Below are records to be reproduced exactly and in full.

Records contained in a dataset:
*** Block opens ***

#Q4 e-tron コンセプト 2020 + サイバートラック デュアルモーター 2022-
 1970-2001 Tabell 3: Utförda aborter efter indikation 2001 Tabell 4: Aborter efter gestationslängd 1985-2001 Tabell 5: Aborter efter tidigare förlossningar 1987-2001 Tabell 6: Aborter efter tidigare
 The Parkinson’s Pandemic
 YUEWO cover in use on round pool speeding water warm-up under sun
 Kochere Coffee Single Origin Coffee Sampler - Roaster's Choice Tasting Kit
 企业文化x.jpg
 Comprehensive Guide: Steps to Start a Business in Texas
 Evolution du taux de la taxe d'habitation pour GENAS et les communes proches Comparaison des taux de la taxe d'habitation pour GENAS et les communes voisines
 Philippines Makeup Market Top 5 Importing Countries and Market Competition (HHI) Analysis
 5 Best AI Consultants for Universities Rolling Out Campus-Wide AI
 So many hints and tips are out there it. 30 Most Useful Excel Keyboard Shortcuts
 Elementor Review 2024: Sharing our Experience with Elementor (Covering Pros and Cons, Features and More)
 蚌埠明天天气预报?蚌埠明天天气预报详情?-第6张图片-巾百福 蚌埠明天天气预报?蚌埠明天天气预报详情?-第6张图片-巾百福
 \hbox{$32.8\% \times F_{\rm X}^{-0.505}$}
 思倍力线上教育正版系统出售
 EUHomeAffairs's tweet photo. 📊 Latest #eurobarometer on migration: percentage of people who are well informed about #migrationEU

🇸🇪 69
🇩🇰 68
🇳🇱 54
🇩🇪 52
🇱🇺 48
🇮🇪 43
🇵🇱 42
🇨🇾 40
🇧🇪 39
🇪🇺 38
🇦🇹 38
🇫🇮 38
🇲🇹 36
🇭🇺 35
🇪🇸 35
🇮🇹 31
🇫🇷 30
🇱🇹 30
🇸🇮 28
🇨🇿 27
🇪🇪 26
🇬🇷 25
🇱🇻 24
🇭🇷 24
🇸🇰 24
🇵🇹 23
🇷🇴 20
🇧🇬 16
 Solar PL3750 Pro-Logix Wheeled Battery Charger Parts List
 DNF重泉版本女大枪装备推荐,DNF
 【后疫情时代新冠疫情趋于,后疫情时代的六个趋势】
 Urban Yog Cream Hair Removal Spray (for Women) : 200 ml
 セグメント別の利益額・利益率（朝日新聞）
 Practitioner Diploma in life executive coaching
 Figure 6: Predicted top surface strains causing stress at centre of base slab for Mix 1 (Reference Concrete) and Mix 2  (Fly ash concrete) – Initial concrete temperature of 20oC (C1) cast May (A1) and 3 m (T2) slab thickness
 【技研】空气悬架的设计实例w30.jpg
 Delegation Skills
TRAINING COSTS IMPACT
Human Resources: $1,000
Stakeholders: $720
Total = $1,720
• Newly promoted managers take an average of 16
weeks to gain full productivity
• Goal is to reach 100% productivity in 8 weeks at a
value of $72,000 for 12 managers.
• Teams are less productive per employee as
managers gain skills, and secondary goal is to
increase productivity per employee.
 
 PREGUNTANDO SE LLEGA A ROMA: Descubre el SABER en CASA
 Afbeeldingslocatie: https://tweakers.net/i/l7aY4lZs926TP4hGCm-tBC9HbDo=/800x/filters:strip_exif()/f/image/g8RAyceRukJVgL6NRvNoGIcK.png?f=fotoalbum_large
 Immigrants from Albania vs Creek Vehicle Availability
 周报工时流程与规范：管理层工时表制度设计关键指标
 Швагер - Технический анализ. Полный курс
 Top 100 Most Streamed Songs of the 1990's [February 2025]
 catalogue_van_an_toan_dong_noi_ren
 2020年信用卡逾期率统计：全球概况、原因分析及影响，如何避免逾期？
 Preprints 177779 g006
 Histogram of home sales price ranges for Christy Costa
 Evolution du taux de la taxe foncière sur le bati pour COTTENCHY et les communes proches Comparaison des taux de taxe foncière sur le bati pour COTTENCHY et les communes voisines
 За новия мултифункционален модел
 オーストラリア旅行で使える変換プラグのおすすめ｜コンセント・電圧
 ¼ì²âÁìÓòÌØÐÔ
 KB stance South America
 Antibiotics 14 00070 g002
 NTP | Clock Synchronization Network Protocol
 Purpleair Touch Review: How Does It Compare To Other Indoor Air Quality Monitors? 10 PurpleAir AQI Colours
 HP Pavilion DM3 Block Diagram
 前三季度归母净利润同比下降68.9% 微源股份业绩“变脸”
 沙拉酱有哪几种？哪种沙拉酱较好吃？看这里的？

*** Block closes ***

§ SOLUTION BELOW:
#Q4 e-tron コンセプト 2020 + サイバートラック デュアルモーター 2022-
 1970-2001 Tabell 3: Utförda aborter efter indikation 2001 Tabell 4: Aborter efter gestationslängd 1985-2001 Tabell 5: Aborter efter tidigare förlossningar 1987-2001 Tabell 6: Aborter efter tidigare
 The Parkinson’s Pandemic
 YUEWO cover in use on round pool speeding water warm-up under sun
 Kochere Coffee Single Origin Coffee Sampler - Roaster's Choice Tasting Kit
 企业文化x.jpg
 Comprehensive Guide: Steps to Start a Business in Texas
 Evolution du taux de la taxe d'habitation pour GENAS et les communes proches Comparaison des taux de la taxe d'habitation pour GENAS et les communes voisines
 Philippines Makeup Market Top 5 Importing Countries and Market Competition (HHI) Analysis
 5 Best AI Consultants for Universities Rolling Out Campus-Wide AI
 So many hints and tips are out there it. 30 Most Useful Excel Keyboard Shortcuts
 Elementor Review 2024: Sharing our Experience with Elementor (Covering Pros and Cons, Features and More)
 蚌埠明天天气预报?蚌埠明天天气预报详情?-第6张图片-巾百福 蚌埠明天天气预报?蚌埠明天天气预报详情?-第6张图片-巾百福
 \hbox{$32.8\% \times F_{\rm X}^{-0.505}$}
 思倍力线上教育正版系统出售
 EUHomeAffairs's tweet photo. 📊 Latest #eurobarometer on migration: percentage of people who are well informed about #migrationEU

🇸🇪 69
🇩🇰 68
🇳🇱 54
🇩🇪 52
🇱🇺 48
🇮🇪 43
🇵🇱 42
🇨🇾 40
🇧🇪 39
🇪🇺 38
🇦🇹 38
🇫🇮 38
🇲🇹 36
🇭🇺 35
🇪🇸 35
🇮🇹 31
🇫🇷 30
🇱🇹 30
🇸🇮 28
🇨🇿 27
🇪🇪 26
🇬🇷 25
🇱🇻 24
🇭🇷 24
🇸🇰 24
🇵🇹 23
🇷🇴 20
🇧🇬 16
 Solar PL3750 Pro-Logix Wheeled Battery Charger Parts List
 DNF重泉版本女大枪装备推荐,DNF
 【后疫情时代新冠疫情趋于,后疫情时代的六个趋势】
 Urban Yog Cream Hair Removal Spray (for Women) : 200 ml
 セグメント別の利益額・利益率（朝日新聞）
 Practitioner Diploma in life executive coaching
 Figure 6: Predicted top surface strains causing stress at centre of base slab for Mix 1 (Reference Concrete) and Mix 2  (Fly ash concrete) – Initial concrete temperature of 20oC (C1) cast May (A1) and 3 m (T2) slab thickness
 【技研】空气悬架的设计实例w30.jpg
 Delegation Skills
TRAINING COSTS IMPACT
Human Resources: $1,000
Stakeholders: $720
Total = $1,720
• Newly promoted managers take an average of 16
weeks to gain full productivity
• Goal is to reach 100% productivity in 8 weeks at a
value of $72,000 for 12 managers.
• Teams are less productive per employee as
managers gain skills, and secondary goal is to
increase productivity per employee.
 
 PREGUNTANDO SE LLEGA A ROMA: Descubre el SABER en CASA
 Afbeeldingslocatie: https://tweakers.net/i/l7aY4lZs926TP4hGCm-tBC9HbDo=/800x/filters:strip_exif()/f/image/g8RAyceRukJVgL6NRvNoGIcK.png?f=fotoalbum_large
 Immigrants from Albania vs Creek Vehicle Availability
 周报工时流程与规范：管理层工时表制度设计关键指标
 Швагер - Технический анализ. Полный курс
 Top 100 Most Streamed Songs of the 1990's [February 2025]
 catalogue_van_an_toan_dong_noi_ren
 2020年信用卡逾期率统计：全球概况、原因分析及影响，如何避免逾期？
 Preprints 177779 g006
 Histogram of home sales price ranges for Christy Costa
 Evolution du taux de la taxe foncière sur le bati pour COTTENCHY et les communes proches Comparaison des taux de taxe foncière sur le bati pour COTTENCHY et les communes voisines
 За новия мултифункционален модел
 オーストラリア旅行で使える変換プラグのおすすめ｜コンセント・電圧
 ¼ì²âÁìÓòÌØÐÔ
 KB stance South America
 Antibiotics 14 00070 g002
 NTP | Clock Synchronization Network Protocol
 Purpleair Touch Review: How Does It Compare To Other Indoor Air Quality Monitors? 10 PurpleAir AQI Colours
 HP Pavilion DM3 Block Diagram
 前三季度归母净利润同比下降68.9% 微源股份业绩“变脸”
 沙拉酱有哪几种？哪种沙拉酱较好吃？看这里的？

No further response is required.